_RECORDS FOR THE TASK:_
========

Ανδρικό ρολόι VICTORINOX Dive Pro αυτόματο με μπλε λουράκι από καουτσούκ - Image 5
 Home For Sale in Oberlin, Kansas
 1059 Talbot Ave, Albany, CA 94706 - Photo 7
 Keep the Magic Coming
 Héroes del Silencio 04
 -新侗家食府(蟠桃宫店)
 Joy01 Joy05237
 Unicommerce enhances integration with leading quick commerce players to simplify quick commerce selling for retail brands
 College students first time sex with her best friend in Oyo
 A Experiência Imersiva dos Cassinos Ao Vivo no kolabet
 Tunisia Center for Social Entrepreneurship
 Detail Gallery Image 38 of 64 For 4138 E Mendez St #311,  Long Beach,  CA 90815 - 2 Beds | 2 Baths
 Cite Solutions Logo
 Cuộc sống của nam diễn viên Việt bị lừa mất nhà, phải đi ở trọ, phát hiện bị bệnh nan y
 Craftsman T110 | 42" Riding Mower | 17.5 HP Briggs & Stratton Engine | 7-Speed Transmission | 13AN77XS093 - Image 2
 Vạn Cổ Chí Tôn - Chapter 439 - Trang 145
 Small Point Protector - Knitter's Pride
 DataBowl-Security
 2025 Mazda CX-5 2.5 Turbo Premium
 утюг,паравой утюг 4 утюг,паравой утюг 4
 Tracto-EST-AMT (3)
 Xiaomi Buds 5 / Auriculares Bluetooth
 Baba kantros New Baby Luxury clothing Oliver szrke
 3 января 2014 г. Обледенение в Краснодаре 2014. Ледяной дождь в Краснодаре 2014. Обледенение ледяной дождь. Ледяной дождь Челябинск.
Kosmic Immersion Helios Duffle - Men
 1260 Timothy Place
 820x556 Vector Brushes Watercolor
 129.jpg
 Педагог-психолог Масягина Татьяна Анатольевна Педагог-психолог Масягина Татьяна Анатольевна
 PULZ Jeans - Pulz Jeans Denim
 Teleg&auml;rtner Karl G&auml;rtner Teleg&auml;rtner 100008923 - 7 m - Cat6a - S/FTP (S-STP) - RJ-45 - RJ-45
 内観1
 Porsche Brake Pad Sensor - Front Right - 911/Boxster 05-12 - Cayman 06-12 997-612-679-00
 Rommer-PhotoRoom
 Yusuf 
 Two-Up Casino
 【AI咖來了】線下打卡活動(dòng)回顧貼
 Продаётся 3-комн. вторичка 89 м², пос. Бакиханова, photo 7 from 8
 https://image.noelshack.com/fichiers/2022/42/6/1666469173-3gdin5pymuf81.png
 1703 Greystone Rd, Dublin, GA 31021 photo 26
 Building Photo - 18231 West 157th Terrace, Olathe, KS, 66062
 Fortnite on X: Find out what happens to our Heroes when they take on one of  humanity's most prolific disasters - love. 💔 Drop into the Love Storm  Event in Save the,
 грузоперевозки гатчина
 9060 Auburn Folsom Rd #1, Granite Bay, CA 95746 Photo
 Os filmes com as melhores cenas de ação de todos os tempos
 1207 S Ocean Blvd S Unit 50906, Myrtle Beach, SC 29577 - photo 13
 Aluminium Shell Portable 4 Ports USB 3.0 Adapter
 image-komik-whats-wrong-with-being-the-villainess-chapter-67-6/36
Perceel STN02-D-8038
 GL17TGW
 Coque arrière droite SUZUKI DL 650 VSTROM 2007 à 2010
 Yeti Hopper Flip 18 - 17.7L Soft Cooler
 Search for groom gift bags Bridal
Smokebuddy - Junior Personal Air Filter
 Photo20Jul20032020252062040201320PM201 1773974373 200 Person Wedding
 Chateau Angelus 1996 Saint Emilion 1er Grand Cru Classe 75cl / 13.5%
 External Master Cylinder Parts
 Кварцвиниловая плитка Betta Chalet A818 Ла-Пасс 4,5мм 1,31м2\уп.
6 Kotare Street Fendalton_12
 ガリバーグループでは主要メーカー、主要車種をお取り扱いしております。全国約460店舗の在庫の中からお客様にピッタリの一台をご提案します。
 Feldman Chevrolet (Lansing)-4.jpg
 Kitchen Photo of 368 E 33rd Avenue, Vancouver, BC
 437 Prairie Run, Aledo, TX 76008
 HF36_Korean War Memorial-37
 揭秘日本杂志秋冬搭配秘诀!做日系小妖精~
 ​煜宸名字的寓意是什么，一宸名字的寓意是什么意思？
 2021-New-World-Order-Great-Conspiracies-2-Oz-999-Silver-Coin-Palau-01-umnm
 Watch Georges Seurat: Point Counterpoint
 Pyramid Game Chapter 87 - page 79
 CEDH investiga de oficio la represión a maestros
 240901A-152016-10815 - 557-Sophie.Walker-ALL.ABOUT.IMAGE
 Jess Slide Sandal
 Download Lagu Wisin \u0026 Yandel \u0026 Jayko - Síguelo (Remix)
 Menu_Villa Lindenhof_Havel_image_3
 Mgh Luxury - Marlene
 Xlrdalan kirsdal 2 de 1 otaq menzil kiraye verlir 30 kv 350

========

_TASK STATEMENT:_ Write out, exactly as given, the line containing "Porsche Brake Pad" and every line after it to the end of the records. Include nothing else.

_RESPONSE TO THE TASK:_
 Porsche Brake Pad Sensor - Front Right - 911/Boxster 05-12 - Cayman 06-12 997-612-679-00
 Rommer-PhotoRoom
 Yusuf 
 Two-Up Casino
 【AI咖來了】線下打卡活動(dòng)回顧貼
 Продаётся 3-комн. вторичка 89 м², пос. Бакиханова, photo 7 from 8
 https://image.noelshack.com/fichiers/2022/42/6/1666469173-3gdin5pymuf81.png
 1703 Greystone Rd, Dublin, GA 31021 photo 26
 Building Photo - 18231 West 157th Terrace, Olathe, KS, 66062
 Fortnite on X: Find out what happens to our Heroes when they take on one of  humanity's most prolific disasters - love. 💔 Drop into the Love Storm  Event in Save the,
 грузоперевозки гатчина
 9060 Auburn Folsom Rd #1, Granite Bay, CA 95746 Photo
 Os filmes com as melhores cenas de ação de todos os tempos
 1207 S Ocean Blvd S Unit 50906, Myrtle Beach, SC 29577 - photo 13
 Aluminium Shell Portable 4 Ports USB 3.0 Adapter
 image-komik-whats-wrong-with-being-the-villainess-chapter-67-6/36
Perceel STN02-D-8038
 GL17TGW
 Coque arrière droite SUZUKI DL 650 VSTROM 2007 à 2010
 Yeti Hopper Flip 18 - 17.7L Soft Cooler
 Search for groom gift bags Bridal
Smokebuddy - Junior Personal Air Filter
 Photo20Jul20032020252062040201320PM201 1773974373 200 Person Wedding
 Chateau Angelus 1996 Saint Emilion 1er Grand Cru Classe 75cl / 13.5%
 External Master Cylinder Parts
 Кварцвиниловая плитка Betta Chalet A818 Ла-Пасс 4,5мм 1,31м2\уп.
6 Kotare Street Fendalton_12
 ガリバーグループでは主要メーカー、主要車種をお取り扱いしております。全国約460店舗の在庫の中からお客様にピッタリの一台をご提案します。
 Feldman Chevrolet (Lansing)-4.jpg
 Kitchen Photo of 368 E 33rd Avenue, Vancouver, BC
 437 Prairie Run, Aledo, TX 76008
 HF36_Korean War Memorial-37
 揭秘日本杂志秋冬搭配秘诀!做日系小妖精~
 ​煜宸名字的寓意是什么，一宸名字的寓意是什么意思？
 2021-New-World-Order-Great-Conspiracies-2-Oz-999-Silver-Coin-Palau-01-umnm
 Watch Georges Seurat: Point Counterpoint
 Pyramid Game Chapter 87 - page 79
 CEDH investiga de oficio la represión a maestros
 240901A-152016-10815 - 557-Sophie.Walker-ALL.ABOUT.IMAGE
 Jess Slide Sandal
 Download Lagu Wisin \u0026 Yandel \u0026 Jayko - Síguelo (Remix)
 Menu_Villa Lindenhof_Havel_image_3
 Mgh Luxury - Marlene
 Xlrdalan kirsdal 2 de 1 otaq menzil kiraye verlir 30 kv 350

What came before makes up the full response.